_Exercise brief_.
From the listing that follows, output everything exactly except the pictures.

(Dataset)

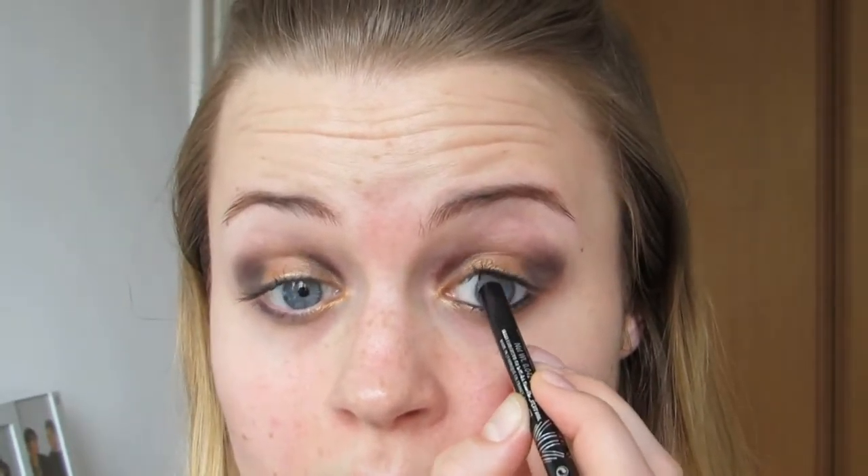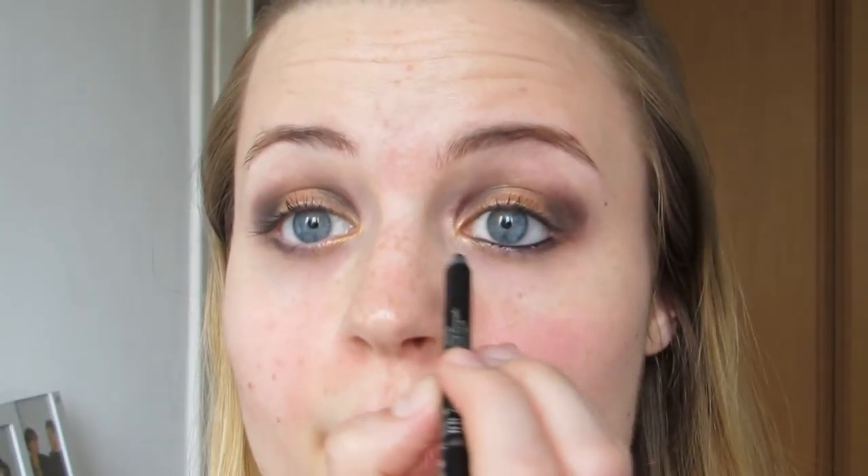What you want to do now is take a black eye pencil and apply it to both of your water lines — it's gonna contrast beautifully with the gold. Apply it all the way around your eyes. Then apply a lot of mascara and you're done with the eye look.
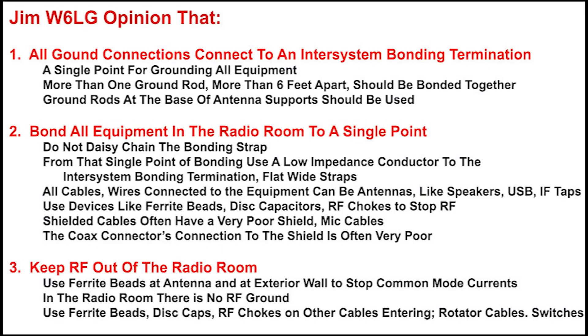This is my opinion and how I view things should be done. All ground connections connect to an inter-system bonding termination — that's a single point for grounding all equipment. If you have more than one ground rod, they need to be more than six feet apart and bonded together with at least number six wire; I'd highly recommend a flat wide strap. Ground rods at the base of the antenna support structure should be used — it's not required if within 150 feet, but it just makes good sense.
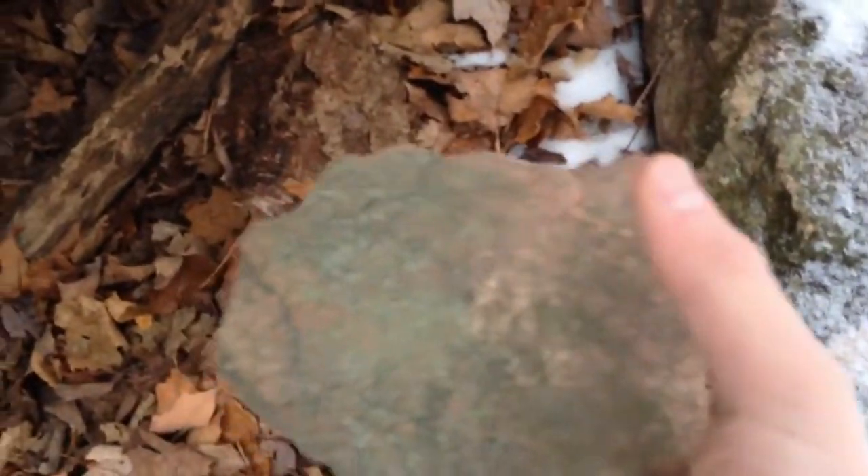Just looking at all the other rocks here. I'm not seeing too much on the side of this cliff face. I think we're going to use this rock. Next I'm going to show you how to collect the sap — let's get to it.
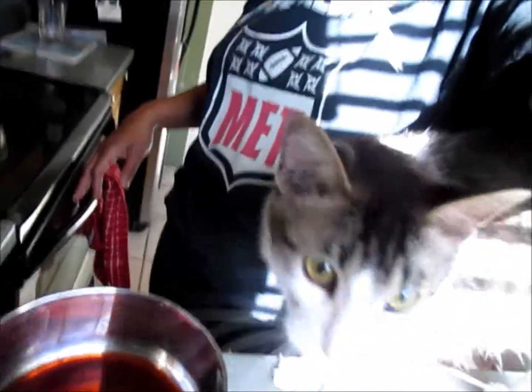Hi, this is Princess Vic and my kitty cat Vandal Savage. We are actually going to try and make beef jerky for the very first time, so here are our ingredients.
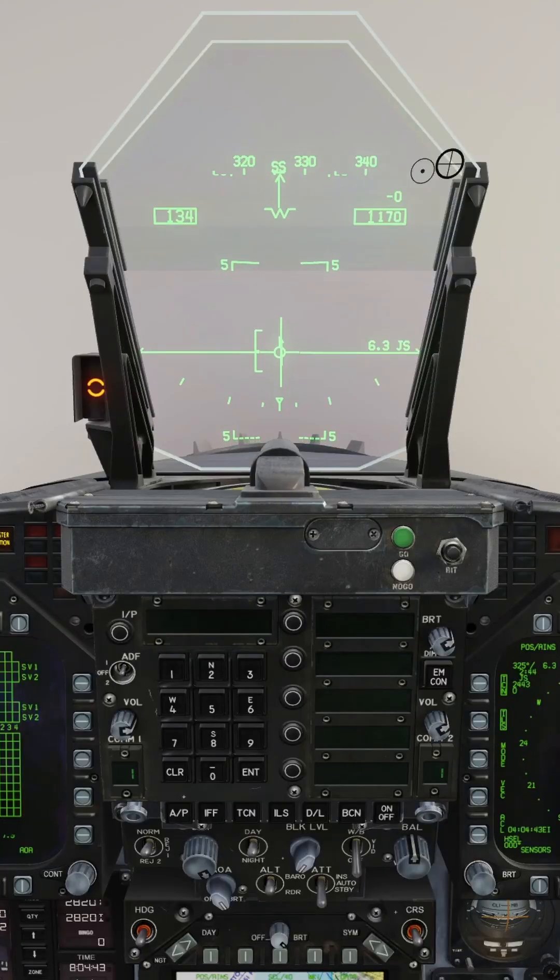Maintain your heading and altitude, using the next 4 miles to get to your on-speed AOA by placing the velocity vector in the E bracket.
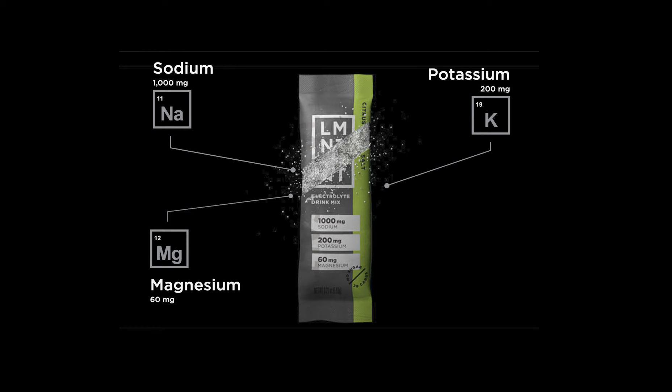All right, welcome back. So on this episode, we are going to check out these salt supplements that some people have been taking for hydration.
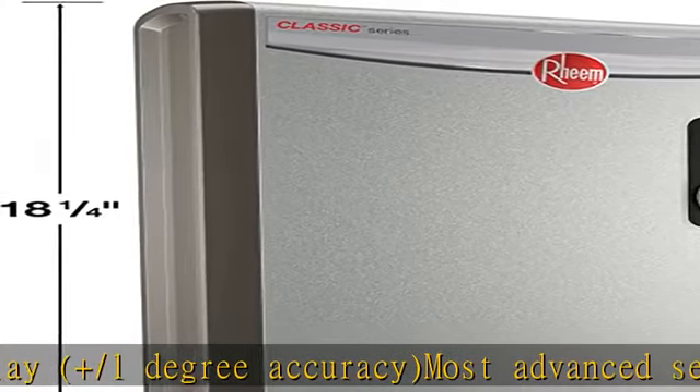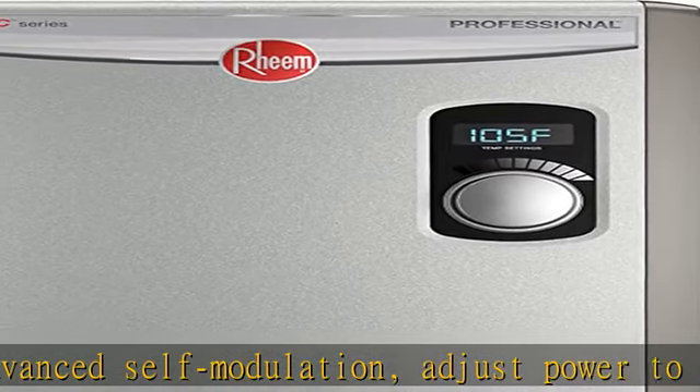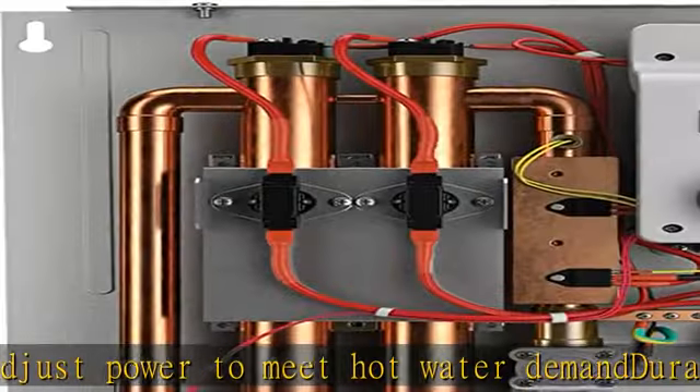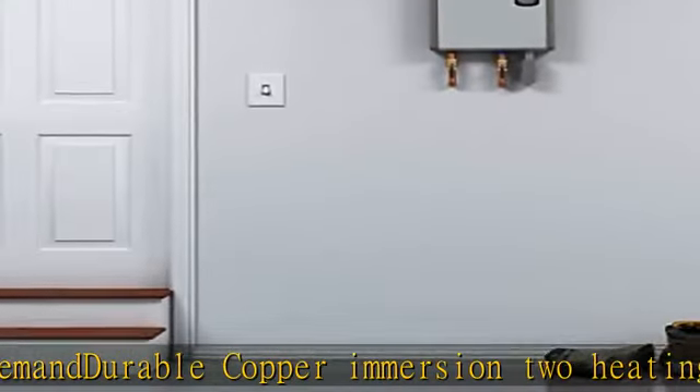Field serviceable. Flow rate up to 4.4 gpm. Simple installation, bottom 3/4 inch NPT water connections threaded for easy replacement. Simple installation. Digital temperature display. See more product details in the description to get this product today at the best price.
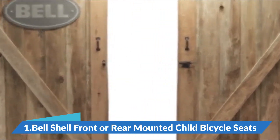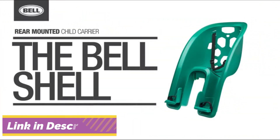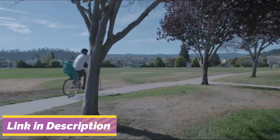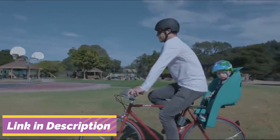If you're looking for a great way to spend time with your little one on a bike, look no further than the Bellshell Rear Child Carrier. Designed for kids ages 1 through 4, the shell offers a secure and convenient way to carry kids up to 40 pounds in weight.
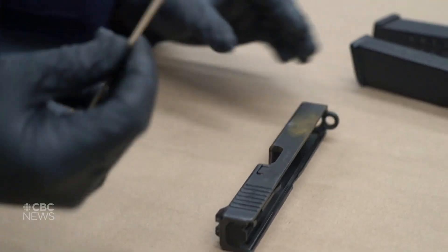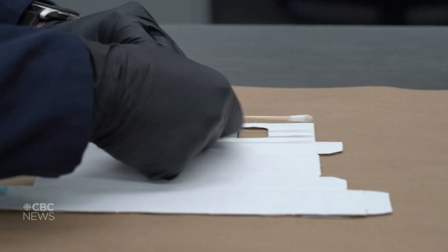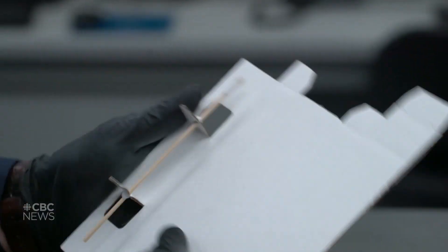Once I'm satisfied that I've covered enough area with the swab, I will seal it up into a swab box, and then this gets packaged up.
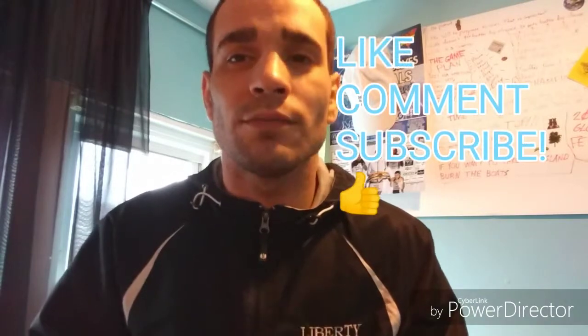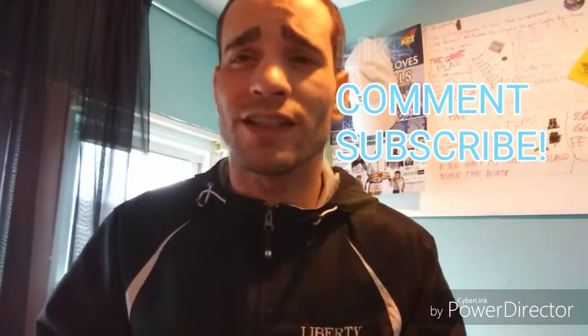Alright guys, another video from the Wish Doctor. Remember, if you have an item that you're thinking about buying from Wish but you're not sure about it, leave a link below for it and we'll buy it and make sure we review it on the channel. Thanks again guys — make sure you like, comment, subscribe, and stay tuned for our next video. Bye-bye.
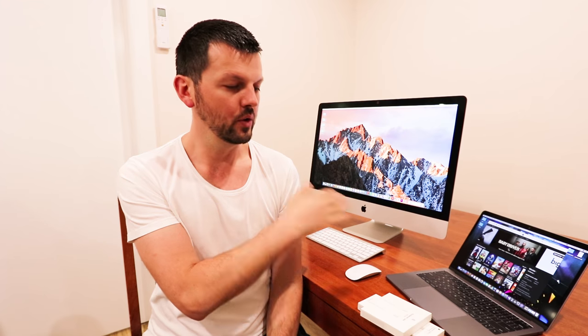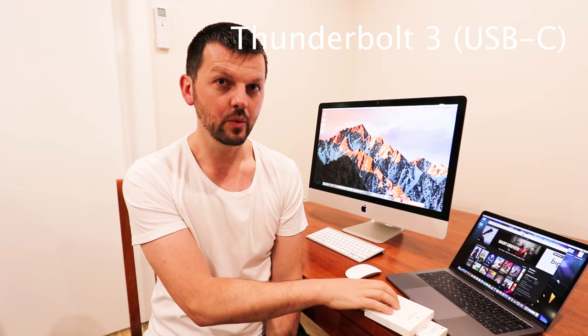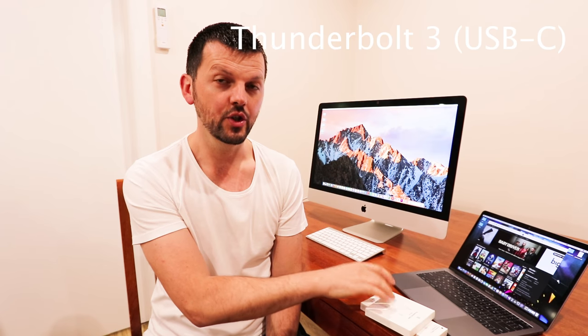In this video I'm going to show you how to connect an iMac 27 inch display to a MacBook Pro. Here I have an iMac 27 inch late 2012 model — it has a Thunderbolt 2 connection. My MacBook Pro laptop is a 13 inch base model from 2017, and this model has a Thunderbolt 3 connection, which is a USB-C type.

(End Dataset)

_Written response_.
What you want to do now is take a black eye pencil and apply it to both of your water lines — it's gonna contrast beautifully with the gold. Apply it all the way around your eyes. Then apply a lot of mascara and you're done with the eye look.
This is my opinion and how I view things should be done. All ground connections connect to an inter-system bonding termination — that's a single point for grounding all equipment. If you have more than one ground rod, they need to be more than six feet apart and bonded together with at least number six wire; I'd highly recommend a flat wide strap. Ground rods at the base of the antenna support structure should be used — it's not required if within 150 feet, but it just makes good sense.
Just looking at all the other rocks here. I'm not seeing too much on the side of this cliff face. I think we're going to use this rock. Next I'm going to show you how to collect the sap — let's get to it.
Hi, this is Princess Vic and my kitty cat Vandal Savage. We are actually going to try and make beef jerky for the very first time, so here are our ingredients.
Maintain your heading and altitude, using the next 4 miles to get to your on-speed AOA by placing the velocity vector in the E bracket.
All right, welcome back. So on this episode, we are going to check out these salt supplements that some people have been taking for hydration.
Field serviceable. Flow rate up to 4.4 gpm. Simple installation, bottom 3/4 inch NPT water connections threaded for easy replacement. Simple installation. Digital temperature display. See more product details in the description to get this product today at the best price.
If you're looking for a great way to spend time with your little one on a bike, look no further than the Bellshell Rear Child Carrier. Designed for kids ages 1 through 4, the shell offers a secure and convenient way to carry kids up to 40 pounds in weight.
Once I'm satisfied that I've covered enough area with the swab, I will seal it up into a swab box, and then this gets packaged up.
Alright guys, another video from the Wish Doctor. Remember, if you have an item that you're thinking about buying from Wish but you're not sure about it, leave a link below for it and we'll buy it and make sure we review it on the channel. Thanks again guys — make sure you like, comment, subscribe, and stay tuned for our next video. Bye-bye.
In this video I'm going to show you how to connect an iMac 27 inch display to a MacBook Pro. Here I have an iMac 27 inch late 2012 model — it has a Thunderbolt 2 connection. My MacBook Pro laptop is a 13 inch base model from 2017, and this model has a Thunderbolt 3 connection, which is a USB-C type.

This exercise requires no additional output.